On March 31, 2026, AWS announced that App Runner would move to maintenance mode ↗ and stop accepting new customers after April 30, 2026. Existing App Runner services keep running, but AWS does not plan to add new features.

RunsOn v2 used App Runner for the control plane. It was a good fit for a long time: cheap, managed, simple to deploy, and good enough to receive GitHub webhooks, process queues, and launch EC2 runners.

But once App Runner’s future changed, we had two options: do the smallest possible migration, or use the moment to clean up the stack properly.

We chose the second option.

v3 is not just v2 without App Runner#

RunsOn v3 replaces the App Runner control plane with the new Flex runtime on ECS/Fargate.

Flex is the current incarnation of RunsOn: ephemeral GitHub Actions runners, launched on demand in your AWS account, with flexible instance selection through workflow labels.

That label model is still the core of the product. A workflow can ask for x64 or arm64, more CPUs, more memory, private networking, custom volumes, GPU runners, spot capacity, on-demand capacity, or a specific runner shape. RunsOn resolves that request into EC2 capacity for the job, starts a fresh runner, and terminates it when the job is done.

That part stays. What changes in v3 is the control plane around it.

The public ingress path now uses API Gateway and Lambda. The runtime service runs on ECS/Fargate. The stack still launches fresh EC2 runners for GitHub Actions jobs, but the system is cleaner, easier to reason about, and no longer tied to a service entering maintenance mode.

It also gave us room to remove a lot of historical baggage.

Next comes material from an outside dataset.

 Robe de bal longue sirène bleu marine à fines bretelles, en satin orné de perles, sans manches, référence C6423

CloudFormation gets simpler#

CloudFormation remains the default deployment path for RunsOn.

That matters. A lot of users choose RunsOn because they can install it quickly in their own AWS account without designing a runner platform from scratch. The default path should stay boring: deploy the stack, register the GitHub App, start running jobs.

Over time, the v2 CloudFormation template had accumulated too many knobs: legacy App Runner tuning, external networking paths, debug toggles, queue-age alarms, dashboard switches, default admins, runner disk defaults, and outputs that mostly existed for compatibility.

v3 cuts that down.

App sizing is now one shared preset: small, medium, high, or xhigh. The same idea applies across Flex, CloudFormation, and Terraform: pick the runtime size that matches your expected concurrency instead of tuning CPU, memory, and queue settings separately.

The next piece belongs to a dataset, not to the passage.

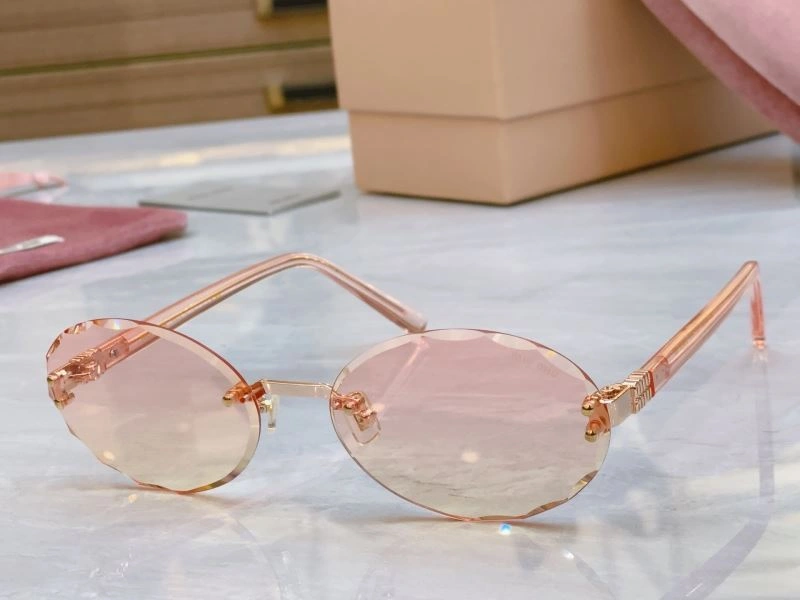 Miu Miu Sunglasses ComfortFit 281406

Daily minutes alarms are replaced with AppBudgetDailyUsd, defaulting to $10/day. Dashboard creation is built in. The embedded networking shape is fixed. Deprecated App Runner parameters and outputs are gone.

The public ingress story is also better. v3 adds an integrated managed WAF option for webhook ingress, including GitHub setup callback protection and admin route gating. It also lets you fully disable public admin routes when setup and dashboard access should not be exposed through public ingress.

CloudFormation should be the easy path. If you need deep infrastructure control, that belongs somewhere else.

Terraform gets the advanced path#

That somewhere else is Terraform, or OpenTofu.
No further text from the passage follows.